___ Records for the exercise ___

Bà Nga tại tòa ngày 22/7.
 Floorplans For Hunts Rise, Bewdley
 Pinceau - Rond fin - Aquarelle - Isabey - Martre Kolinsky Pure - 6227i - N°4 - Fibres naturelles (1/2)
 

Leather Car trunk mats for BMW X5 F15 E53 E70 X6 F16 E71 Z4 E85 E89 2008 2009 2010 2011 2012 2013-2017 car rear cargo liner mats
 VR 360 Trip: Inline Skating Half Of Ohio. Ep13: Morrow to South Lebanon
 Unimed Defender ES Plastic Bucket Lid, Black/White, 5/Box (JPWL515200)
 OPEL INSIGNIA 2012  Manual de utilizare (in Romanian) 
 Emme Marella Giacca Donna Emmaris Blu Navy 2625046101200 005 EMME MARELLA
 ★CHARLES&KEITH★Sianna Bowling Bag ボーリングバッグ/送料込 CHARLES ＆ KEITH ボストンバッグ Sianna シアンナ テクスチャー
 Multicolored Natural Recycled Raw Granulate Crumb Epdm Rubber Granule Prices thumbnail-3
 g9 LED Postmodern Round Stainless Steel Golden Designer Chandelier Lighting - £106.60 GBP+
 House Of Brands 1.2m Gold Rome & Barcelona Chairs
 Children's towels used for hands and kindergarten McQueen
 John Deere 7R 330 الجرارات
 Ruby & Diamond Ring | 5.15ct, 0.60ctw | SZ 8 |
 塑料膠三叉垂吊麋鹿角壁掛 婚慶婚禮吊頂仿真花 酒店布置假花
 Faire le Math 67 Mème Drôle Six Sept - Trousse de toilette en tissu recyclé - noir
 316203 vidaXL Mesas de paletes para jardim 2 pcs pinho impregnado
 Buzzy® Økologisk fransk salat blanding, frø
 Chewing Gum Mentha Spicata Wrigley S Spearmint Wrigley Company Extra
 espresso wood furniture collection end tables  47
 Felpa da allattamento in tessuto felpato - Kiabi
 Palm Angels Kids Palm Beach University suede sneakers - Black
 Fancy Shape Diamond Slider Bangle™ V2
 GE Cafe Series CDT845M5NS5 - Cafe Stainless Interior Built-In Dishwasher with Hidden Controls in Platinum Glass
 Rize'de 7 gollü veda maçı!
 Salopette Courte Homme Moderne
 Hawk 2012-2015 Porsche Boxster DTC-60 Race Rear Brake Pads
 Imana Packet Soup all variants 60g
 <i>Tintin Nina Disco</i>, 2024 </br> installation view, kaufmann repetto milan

___

Problem statement:
From the first line of the listing above to the line that contains "Palm Angels Kids", inclusive, restate every line word for word. Nothing else belongs in the answer.

Your response:
Bà Nga tại tòa ngày 22/7.
 Floorplans For Hunts Rise, Bewdley
 Pinceau - Rond fin - Aquarelle - Isabey - Martre Kolinsky Pure - 6227i - N°4 - Fibres naturelles (1/2)
 

Leather Car trunk mats for BMW X5 F15 E53 E70 X6 F16 E71 Z4 E85 E89 2008 2009 2010 2011 2012 2013-2017 car rear cargo liner mats
 VR 360 Trip: Inline Skating Half Of Ohio. Ep13: Morrow to South Lebanon
 Unimed Defender ES Plastic Bucket Lid, Black/White, 5/Box (JPWL515200)
 OPEL INSIGNIA 2012  Manual de utilizare (in Romanian) 
 Emme Marella Giacca Donna Emmaris Blu Navy 2625046101200 005 EMME MARELLA
 ★CHARLES&KEITH★Sianna Bowling Bag ボーリングバッグ/送料込 CHARLES ＆ KEITH ボストンバッグ Sianna シアンナ テクスチャー
 Multicolored Natural Recycled Raw Granulate Crumb Epdm Rubber Granule Prices thumbnail-3
 g9 LED Postmodern Round Stainless Steel Golden Designer Chandelier Lighting - £106.60 GBP+
 House Of Brands 1.2m Gold Rome & Barcelona Chairs
 Children's towels used for hands and kindergarten McQueen
 John Deere 7R 330 الجرارات
 Ruby & Diamond Ring | 5.15ct, 0.60ctw | SZ 8 |
 塑料膠三叉垂吊麋鹿角壁掛 婚慶婚禮吊頂仿真花 酒店布置假花
 Faire le Math 67 Mème Drôle Six Sept - Trousse de toilette en tissu recyclé - noir
 316203 vidaXL Mesas de paletes para jardim 2 pcs pinho impregnado
 Buzzy® Økologisk fransk salat blanding, frø
 Chewing Gum Mentha Spicata Wrigley S Spearmint Wrigley Company Extra
 espresso wood furniture collection end tables  47
 Felpa da allattamento in tessuto felpato - Kiabi
 Palm Angels Kids Palm Beach University suede sneakers - Black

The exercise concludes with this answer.